Segundo Santin, o cenário atual da suinocultura é consequência de um ciclo positivo recente.
“A cadeia vinha crescendo, aumentando peso médio, com bons volumes e dois anos muito bons”, explicou. “Agora é um ajuste normal de mercado”.
Ele reforça que não há sinais de crise estrutural.
“Isso não vai refletir em prejuízos na cadeia, mas sim em readequações”.
A redução nos preços internacionais está ligada, em grande parte, ao câmbio. “É muito mais um efeito do dólar do que de demanda”, disse.
Esse cenário pressiona as margens e exige maior atenção ao equilíbrio entre produção e comercialização.
Com menor dinamismo nas exportações, o consumo doméstico ganha importância.
“A gente acompanha o mercado interno de perto, porque ele passa a ser fundamental nesse momento”, afirmou Santin.
Para compensar o cenário mais apertado, o Brasil avança na abertura de mercados.
“Ontem mesmo tivemos o anúncio da abertura do Vietnã para miúdos suínos e de El Salvador para produtos processados”, destacou.
Segundo ele, essas iniciativas ajudam a dar fluidez à produção. “Isso contribui para esse processo de recuperação do setor”.
Assim como na avicultura, a sanidade animal é um ponto central.
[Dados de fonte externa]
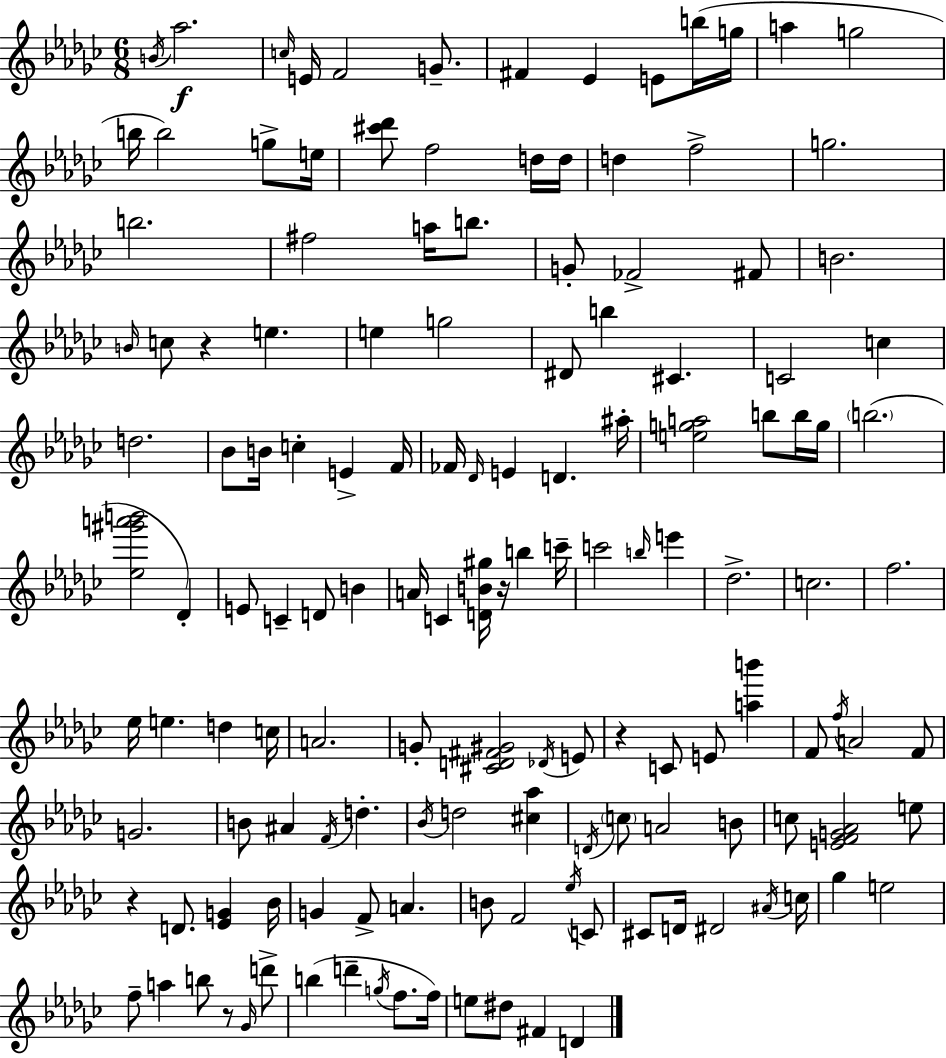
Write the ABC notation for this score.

O setor mantém atenção à peste suína africana.
“Somos livres dessa doença há mais de 40 anos e não queremos que ela chegue ao Brasil”, alertou.
Ele reforça que os cuidados devem ser permanentes. “Tem que manter a mesma toada de biosseguridade sempre”.
Apesar do momento de ajuste, a avaliação do setor é positiva para 2026.
“A suinocultura está forte e tem capacidade de reversão”, afirmou. “A tendência é fechar o ano de maneira positiva”.
Para Santin, o cenário exige atenção, mas não muda os fundamentos da atividade. “É um ajuste, não uma crise”, concluiu.